Le thème « Les arts face au défi du numérique » offre donc l’opportunité de réfléchir aux nouveaux modèles économiques qui sont au cœur des arts de la scène en général, et de la musique en particulier. En même temps, il ne s’agit pas d’être nostalgique mais lucide, car si le numérique a contribué à faciliter le piratage en musique, dans le même temps, il offre des facilités de création et de production. En théâtre, le numérique peut faciliter la confection des décors et des effets spéciaux.
Pour reprendre le sous thème portant sur le numérique pensiez-vous que sous peu la Côte d’Ivoire pourrait disposer d’une législation ?
Il y a déjà une législation. La question est de savoir si elle est adaptée et si elle est opérationnelle. Mieux que moi, les responsables du Burida sauront répondre à cette question.
Professeur, quand est-ce que les actes des rencontres professionnelles seront disponibles ?
Après le MASA, nous avons déjà tenu une réunion avec le secrétariat des rencontres professionnelles. Les secrétaires sont en train de relancer les intervenants pour récupérer les textes des communications. Nous prévoyons de publier les actes à la rentrée de septembre, octobre. Cette publication sera un vrai livre ou on retrouvera la fiche technique de chaque groupe du In, la liste des manifestations du Off, des extraits du journal du MASA et des photos de l’édition 2014.
Les grandes innovations de cette 8ème édition du Masa auront été l’introduction de deux nouvelles disciplines, à savoir le conte et l’humour.
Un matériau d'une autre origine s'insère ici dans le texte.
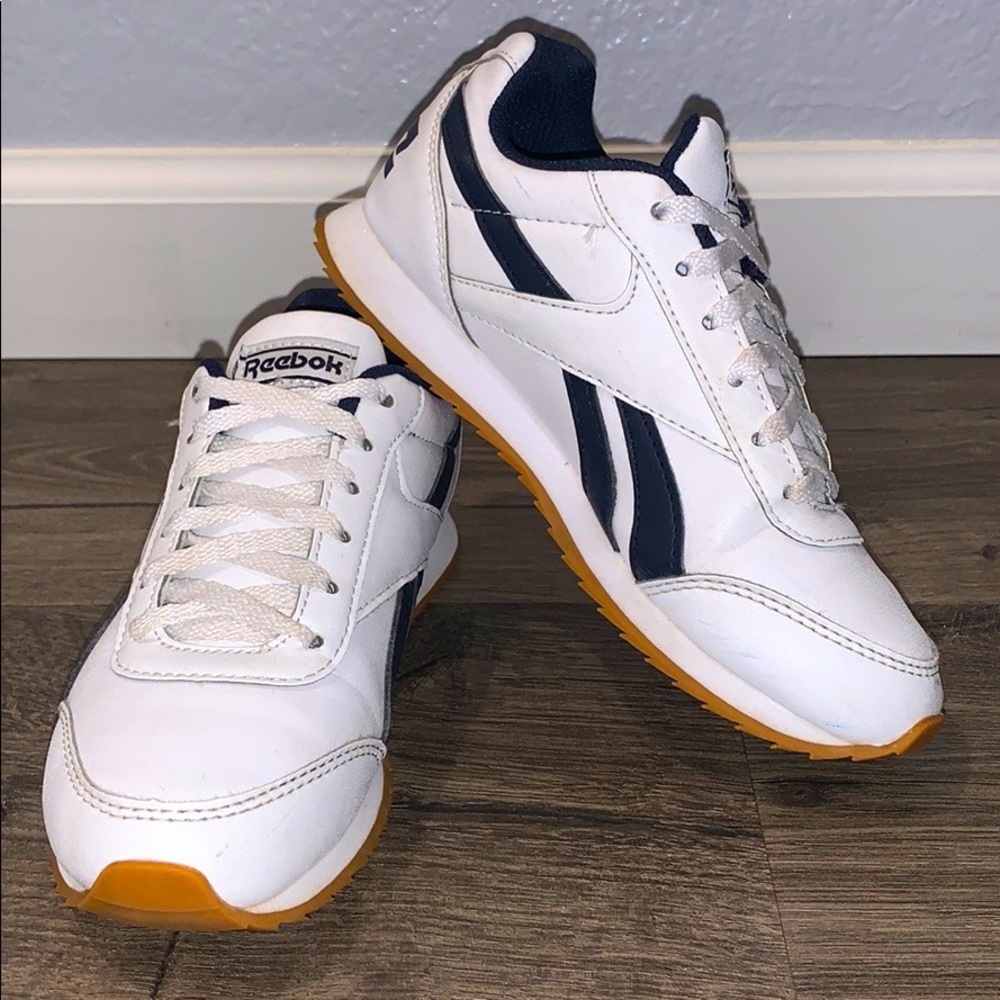 Boys Reebok Sneakers!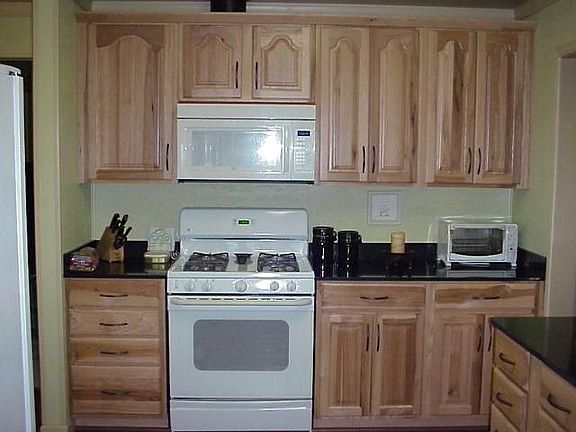 4th image of 2401 Meadowbrook Dr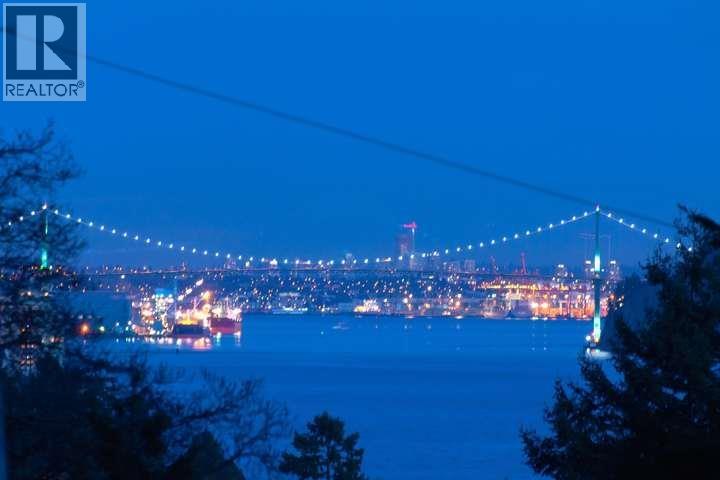 457 HILLCREST STREET - Photo 2 of 40, West Vancouver, British Columbia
A cela il faut ajouter le développement de la dimension Festival, la double programmation et la prestation d’artiste vedettes nationales et régionale. En plein parcours, une autre discipline s’est invitée au Masa, à savoir, la mode. Est-ce que ces innovations n’auraient pas pu se faire progressivement ?
Très certainement, une personne prudente aurait pu procéder progressivement comme vous le dites. Mais en même temps, une personne prudente n’aurait jamais accepté de faire une manifestation de la taille du MASA en 6 mois. Pour tenir ce pari, il ne fallait pas jouer les timides, mais déployer le MASA et ouvrir les perspectives. Maintenant, pour l’édition prochaine, il est indispensable de faire un bilan critique, et reconfigurer la prochaine édition, sans état d’âme et sans dogmatisme.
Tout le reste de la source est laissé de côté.